We show the best performing agent overall below (10 Original, 40 GAN-generated; 600 level loads, 1,000 timesteps per level).
Fig. 8. best RL model qualitative performance on testing levels:
Due to the time and computational constraints, experiments with larger-scale training and testing need to be conducted to further validate our hypothesis. For example, one potential improvement can be maed in the future is to use all the orignal levels from the lunar lander game as the baseline instead of only 10 levels. In this case, by combining these original levels with more GAN-generated levels, we can further study following:
- How well the RL agents perform and generalize to new levels.

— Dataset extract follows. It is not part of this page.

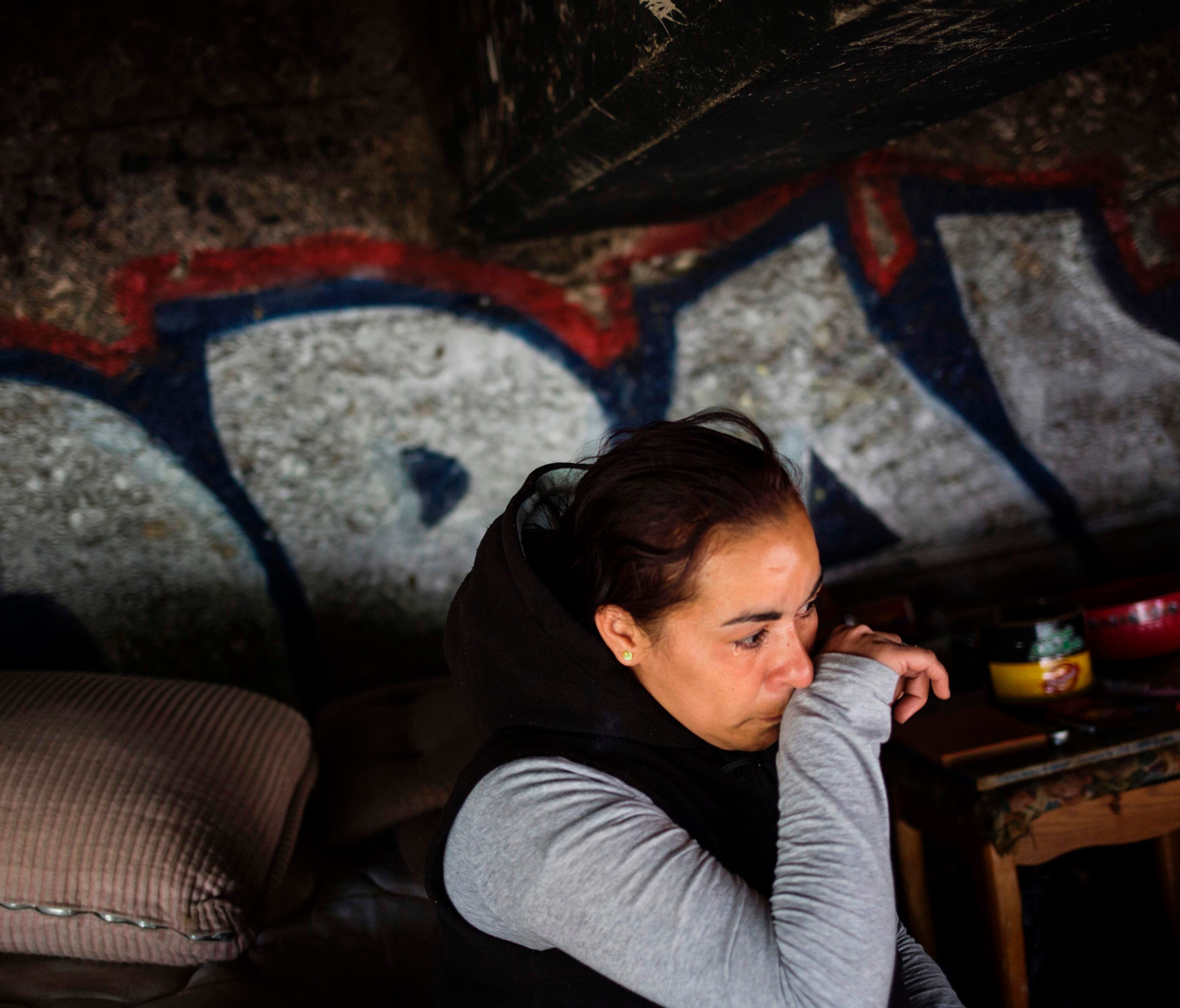 Jessica, a homeless heroin addict, wipes away tears as she describes how she tested positive for HIV after being raped last year in this spot under the bridge where she lives  in the Kensington neighborhood of Philadelphia, Pennsylvania, on April 14,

- How fast the RL agents can be trained in a larger scale.
Moreover, as Prof. Lim pointed out during our presentation, one potential direction is to validate our hypothesis in more complicated RL environment. Since Lunar Lander is a relatively easy environment, more GAN-generated levels may not be needed to achive state-of-the-art performance. However, in more challenging environment such as StarCraft, GAN-generated levels could potentially help RL agents gain more advantages than the baseline RL agents.